Re: Predefining complex data structures?
by broquaint (Abbot) on Jul 12, 2002 at 14:46 UTC
|
You don't need to predefine your datastructure as it will be created as you insert the data, which you could do like so
my %tagstack;
# ... parsing code here
push @{$tagstack{requirements}}, {
# $tag = wherever the data is coming from
text => $tag{cdata},
attributes => $tag{attribs}
};
If you're just using simple nested hashes then XML::Simple may be just the module for you, and if you continue to get muddled by references and reference syntax check out the perlreftut and perlref manpages.
HTH
_________ broquaint | [reply] [d/l] |
|
|
Thanks! This was extremely helpful.
| [reply] |
Re: Predefining complex data structures?
by dragonchild (Archbishop) on Jul 12, 2002 at 14:50 UTC
|
First, don't pre-define. Let Perl do the auto-vivification for you. That's what it's there for. Especially because you don't know for certain what will be there, just what structure it will be in.
Secondly, you want to do something along the lines of:
# Caveat Lector - this is untested!
foreach $tag (@tags) {
push @{$tagstack{$tag->name}}, {
text => $tag->value,
attributes => {
split /[\s=]+/, $tag->attributes
},
};
}
Obviously, I'm assuming that $tag is some object with three methods - name(), value(), and attributes(). These will have to
return the appropriate values from the data source. Also, I'm assuming that attributes() will return everything within the tag
definition other than the tag's name. If all you get is the text, you could do something like:
foreach my $tag (@tags) {
my ($name, $attributes, $value) = $tag =~
m#^<(\w+)\s+(\w+)?\s*>(.*?)</\1>$#;
# Use $name, $attributes, and $value as per above
}
The regex could be tightened, but this is off-the-cuff.
------ We are the carpenters and bricklayers of the Information Age. Don't go borrowing trouble.

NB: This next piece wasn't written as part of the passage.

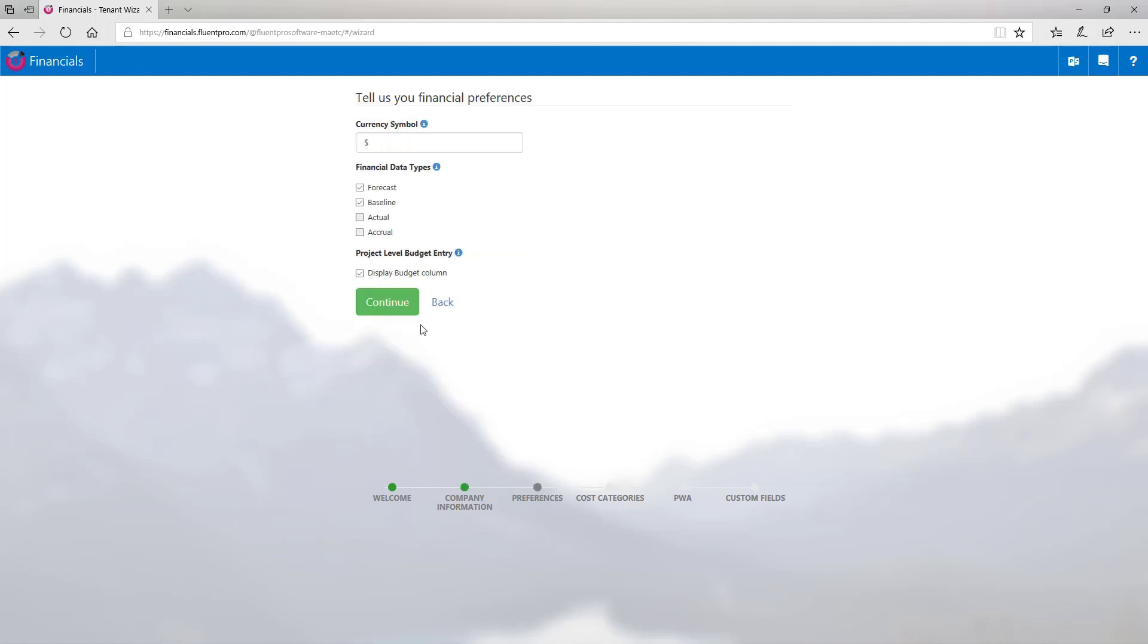On the next step, provide currency symbol, considering what currency is set in the PWA. And also provide financial data types that will be displayed in the wizard. And if you want to display budget column in the wizard, please check display budget column checkbox and click continue.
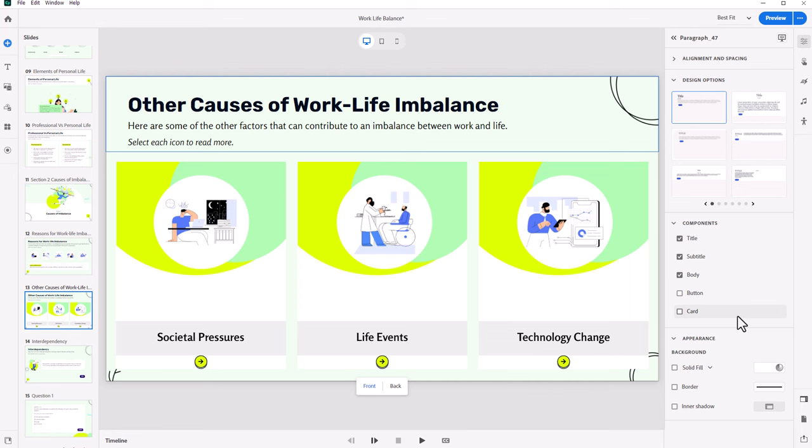The next feature in Adobe Captivate 12.3 is not so much a feature that you're going to physically use. There's nothing for you to click on, nothing to modify or adjust. It really is just an improvement in how the software works.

For programmers, this means Worry only about what you need to implement. | [reply] [d/l] [select] |
Re: Predefining complex data structures?
by thraxil (Prior) on Jul 12, 2002 at 14:54 UTC
|
first, i would change the data structure to:
$tagstack{requirements}->[1] = {
text => "A node name",
attributes => {contactname => "Jane Smith",
contactnumber => "555-1212"
}
}
note that it is not a hash containing a reference to an array which contains hashrefs. also note the curly braces around the attributes hash instead of square braces.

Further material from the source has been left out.